TASK TO CARRY OUT:
Will you return, word for word, only the lines from the top of the data below down to and including the one with "Quanah Parker Comanche"?

EXCERPTED DATA:
______

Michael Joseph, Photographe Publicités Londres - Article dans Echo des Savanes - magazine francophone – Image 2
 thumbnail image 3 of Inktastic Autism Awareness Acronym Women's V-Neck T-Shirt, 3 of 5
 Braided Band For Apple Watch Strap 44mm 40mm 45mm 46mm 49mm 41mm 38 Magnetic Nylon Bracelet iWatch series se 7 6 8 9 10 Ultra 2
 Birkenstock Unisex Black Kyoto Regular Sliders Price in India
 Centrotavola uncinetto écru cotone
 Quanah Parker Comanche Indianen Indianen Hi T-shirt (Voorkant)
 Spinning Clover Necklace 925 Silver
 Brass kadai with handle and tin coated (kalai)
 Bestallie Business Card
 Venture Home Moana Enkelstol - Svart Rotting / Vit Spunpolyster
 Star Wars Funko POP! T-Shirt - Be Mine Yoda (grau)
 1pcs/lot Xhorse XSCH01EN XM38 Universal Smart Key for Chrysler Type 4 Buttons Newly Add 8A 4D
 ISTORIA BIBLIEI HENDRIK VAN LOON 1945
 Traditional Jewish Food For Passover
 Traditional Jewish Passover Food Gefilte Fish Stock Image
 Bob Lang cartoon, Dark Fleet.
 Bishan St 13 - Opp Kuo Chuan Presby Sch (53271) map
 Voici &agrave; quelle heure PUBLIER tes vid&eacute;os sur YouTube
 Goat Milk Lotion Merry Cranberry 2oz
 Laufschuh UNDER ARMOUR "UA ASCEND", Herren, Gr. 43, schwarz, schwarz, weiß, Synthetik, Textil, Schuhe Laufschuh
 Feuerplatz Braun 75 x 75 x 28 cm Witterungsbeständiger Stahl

______

RESPONSE TO THE EXERCISE:
Michael Joseph, Photographe Publicités Londres - Article dans Echo des Savanes - magazine francophone – Image 2
 thumbnail image 3 of Inktastic Autism Awareness Acronym Women's V-Neck T-Shirt, 3 of 5
 Braided Band For Apple Watch Strap 44mm 40mm 45mm 46mm 49mm 41mm 38 Magnetic Nylon Bracelet iWatch series se 7 6 8 9 10 Ultra 2
 Birkenstock Unisex Black Kyoto Regular Sliders Price in India
 Centrotavola uncinetto écru cotone
 Quanah Parker Comanche Indianen Indianen Hi T-shirt (Voorkant)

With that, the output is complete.